- Gyonggi uijongbu nogyang dong, Jindung-ro 28 Uijongbu South Korea

Information
- Established: August 1983 (as Liberty Christian School)
- Founder: Joe Hale
- Head of School: Rachael Carpenter
- Grades: Kindergarten through grade 12
- Enrollment: approximately 55 (as of August 2026)
- Associations: NICS, WASC, ACSI, KAIAC, KORCOS, KIMEA
- Sister schools: YISS, ICS-P

= International Christian School, Uijeongbu =

The International Christian School of Uijeongbu (국제 크리스쳔학교), or ICSU, is a Christian international school founded in 1983 in Uijeongbu, South Korea. It is operated by the administration and is accredited by NICS, ACSI, Korean Department of Education, and WASC.

The campus has a 5-story main campus building which contains the classrooms and a cafeteria.

It is one of the many schools that are part of the NICS organization. It was the first school of its kind, and was founded by Joe Hale, who is also the founder of the NICS organization.

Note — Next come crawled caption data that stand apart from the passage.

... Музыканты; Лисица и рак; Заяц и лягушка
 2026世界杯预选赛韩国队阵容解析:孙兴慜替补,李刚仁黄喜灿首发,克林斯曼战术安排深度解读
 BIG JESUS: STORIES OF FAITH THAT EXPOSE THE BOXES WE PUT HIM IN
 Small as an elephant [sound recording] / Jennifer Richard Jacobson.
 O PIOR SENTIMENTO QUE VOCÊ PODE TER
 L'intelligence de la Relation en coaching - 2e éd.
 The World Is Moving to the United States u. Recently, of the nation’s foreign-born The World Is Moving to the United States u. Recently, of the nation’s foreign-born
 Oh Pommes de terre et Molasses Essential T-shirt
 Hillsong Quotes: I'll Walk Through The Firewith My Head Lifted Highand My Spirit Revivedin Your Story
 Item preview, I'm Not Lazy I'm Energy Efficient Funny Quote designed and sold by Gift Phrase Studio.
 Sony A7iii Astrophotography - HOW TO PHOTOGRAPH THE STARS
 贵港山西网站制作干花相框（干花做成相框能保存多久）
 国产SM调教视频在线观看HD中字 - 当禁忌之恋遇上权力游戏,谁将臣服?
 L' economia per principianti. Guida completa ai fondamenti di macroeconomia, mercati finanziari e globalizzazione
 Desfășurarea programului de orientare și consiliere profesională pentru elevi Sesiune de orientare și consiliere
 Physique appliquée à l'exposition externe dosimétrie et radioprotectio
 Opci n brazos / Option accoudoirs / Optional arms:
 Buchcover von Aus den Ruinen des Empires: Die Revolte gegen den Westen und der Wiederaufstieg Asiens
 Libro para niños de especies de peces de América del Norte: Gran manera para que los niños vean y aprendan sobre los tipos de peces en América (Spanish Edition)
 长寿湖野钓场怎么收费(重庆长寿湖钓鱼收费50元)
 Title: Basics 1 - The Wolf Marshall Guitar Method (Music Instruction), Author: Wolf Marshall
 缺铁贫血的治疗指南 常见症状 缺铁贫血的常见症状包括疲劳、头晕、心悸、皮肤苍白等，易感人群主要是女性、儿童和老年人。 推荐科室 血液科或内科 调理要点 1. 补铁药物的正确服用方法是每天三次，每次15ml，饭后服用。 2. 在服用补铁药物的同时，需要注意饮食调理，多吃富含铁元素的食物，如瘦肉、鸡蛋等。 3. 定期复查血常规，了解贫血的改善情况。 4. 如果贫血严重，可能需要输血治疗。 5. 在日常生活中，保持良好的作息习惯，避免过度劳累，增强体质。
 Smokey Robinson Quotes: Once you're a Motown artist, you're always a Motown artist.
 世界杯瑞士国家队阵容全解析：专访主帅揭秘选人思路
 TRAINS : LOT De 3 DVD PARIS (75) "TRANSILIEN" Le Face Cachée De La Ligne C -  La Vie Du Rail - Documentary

As of August 2026, approximately 55 students are attending ICSU, with a total of 10 faculty and 4 staff members.

ICSU is ACSI and WASC accredited, and is a member of KISAA, KIMEA and KORCOS.

== Academics ==
ICSU currently has an ELD program (English Learning Development), to help students attain a certain level of English proficiency in the areas of speaking, listening, reading, and writing. Also, ICSU has an honors program and an AP program for students in higher levels.

ICSU uses a 1:1 Google Chromebook policy from 1st–12th grade, so that the students can have flexibility in participating

As of 2016, 50% of the faculty completed a Masters program, 78% graduated from a Christian College, and the average staff tenure was 7 years, which is higher than most international schools in Korea.

== Sports and activities ==
ICSU participates in KISAA, with Basketball, Cheerleading, Soccer, Cross Country, and Volleyball. From 2013–2015, ICSU was in the 3rd place in Cross Country, and ICSU also received several sportsmanship awards. From 2018-2019, ICSU will begin a Golf team and will be accepting players from the 4th-12th grades.

ICSU also has a variety of school-activities, such as a Chess Club, National Honor Society, and MUN.

Since 2016, ICSU has a forensics team including Debate and Speech but has not had one since 2017.

== Military ==
International Christian School has been serving to strengthening military families since 1983, when a military Chaplain on Camp Red Cloud encouraged Joe Hale to start an “American” school for the families living in Area 1. ICSU and Area 1 have been partners in education since that day.

== Missions ==
As a faith based Christian school, every class is taught in a Biblical point-of-view. ICSU has chapels each week and daily bible classes. Also, several times in a year, students and teachers from ICSU go on mission trips to various countries and support local organizations.